Qu’est-ce qu’on a encore fait au bon Dieu ? s’ouvre sur un générique programmatique : constitué d’une série de cartons, véritable patchwork de couleurs où chaque personnage est annoncé par des attributs spécifiques (par exemple, une menorah pour le personnage de David Benichou), il se clôt sur la forme d’une maison, laquelle se confond dans un fondu avec la demeure de la famille Verneuil. À chaque personnage se voit ainsi assigné une caractéristique qui le distingue d’autrui, l’identifie, le définit une fois pour toute. L’ambition du film est claire : d’une pluralité d’appartenances, il s’agit de faire maison commune. Cette ouverture témoigne également d’un (léger) déplacement des enjeux par rapport au premier film : le générique de celui-ci reposait sur un découpage strictement égalitaire en cela que chaque couple était cadré à l’identique devant le maire (l’État), tandis qu’un mouvement de caméra révélait, à chaque mariage, le regard des parents des jeunes femmes qui signalait l’angoisse d’une « vieille France » à l’égard des enfants de l’immigration. Ici, c’est la France elle-même qui est au bord de la dissolution : les parents ont accepté leurs gendres, mais ces derniers veulent quitter le pays, pour rejoindre l’Algérie, la Chine, l’Inde et Israël.

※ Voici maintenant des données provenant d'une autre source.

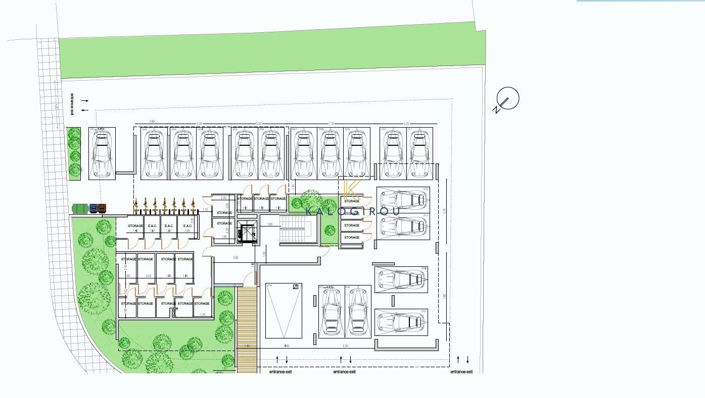 Image No.2-floorplan-2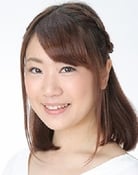 Yuuko Hara as Akari Acura (voice)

Le film n’en reprend pas moins la recette du précédent, qui ambitionne moins de mettre à bas les préjugés que d’admettre une drôle d’équation : puisque tout le monde est raciste, alors personne ne l’est vraiment. Dès lors, il ne peut y avoir de transformation mais seulement une transaction (c’est un mariage, entre deux femmes, qui réunira la famille), l’essentiel étant, au fond, de mettre les conflits de côté. Cette logique prend ici une autre dimension : pour convaincre leurs gendres de rester en France le couple Verneuil leur fait croire qu’ils peuvent trouver dans leur région ce qu’ils escomptaient trouver ailleurs, soit pour le Chinois, la sécurité (celle des bonnes banques françaises par rapport à la finance chinoise), pour le Juif, une opportunité d’acheter une usine à peu de frais et d’en tirer profit, pour l’Arabe, l’illusion de l’intégration. Le film se révèle plus nauséabond au détour d’une scène où, à l’évocation du nom du président Macron, l’un des personnages rétorque que ce ne sont pas les gouvernements qu’il faudrait changer, mais bien le peuple (ce peuple de gaulois réfractaires vivant dans un pays où il y a « trop de ronds-points » !).
Un double-discours
L’ambivalence du film tient à son double-discours : d’une part, il entend prôner l’idée, formulée par l’écrivain Sylvain Tesson, que « la France est un paradis peuplé de gens qui se croient en enfer », tournant en ridicule tous les débats (car tous y passent : me-too, la burqa, l’appropriation culturelle…) qui la divisent pour prôner la réconciliation. Si les gendres décident de finalement rester, c’est que, tout en ayant conscience d’avoir été piégés, ils estiment que ce piège atteste de l’amour des parents pour leurs enfants. Le dernier plan du film voit se succéder l’image du père de famille portant un képi ayant appartenu au général de Gaulle (cadeau de ses gendres) – peut-on faire symbole plus gros – et l’image de la famille unie. D’autre part, il y a bien en filigrane un autre discours : en bons catholiques, les Verneuil ne peuvent refuser d’accueillir un migrant à la demande d’un curé, migrant qui d’ailleurs sera très utile pour s’occuper du jardin (le motif est repris du précédent film de Philippe de Chauveron, À bras ouverts). Ce dernier finira par exprimer son désir de retourner dans le pays qu’il a dû quitter, victime d’un lumbago occasionné par les tâches physiquement exigeantes attribuées et surtout le coup de pelle que lui donne dans une scène Monsieur Verneuil (convaincu que la ceinture de contention de son hôte était une ceinture d’explosifs). Ainsi le film a ceci de tout à fait étonnant qu’il met en scène cette violence (il semble même, au détour d’une phrase, prendre conscience de la relégation au second plan des personnages féminins) tout en la recouvrant pour mieux servir un autre propos.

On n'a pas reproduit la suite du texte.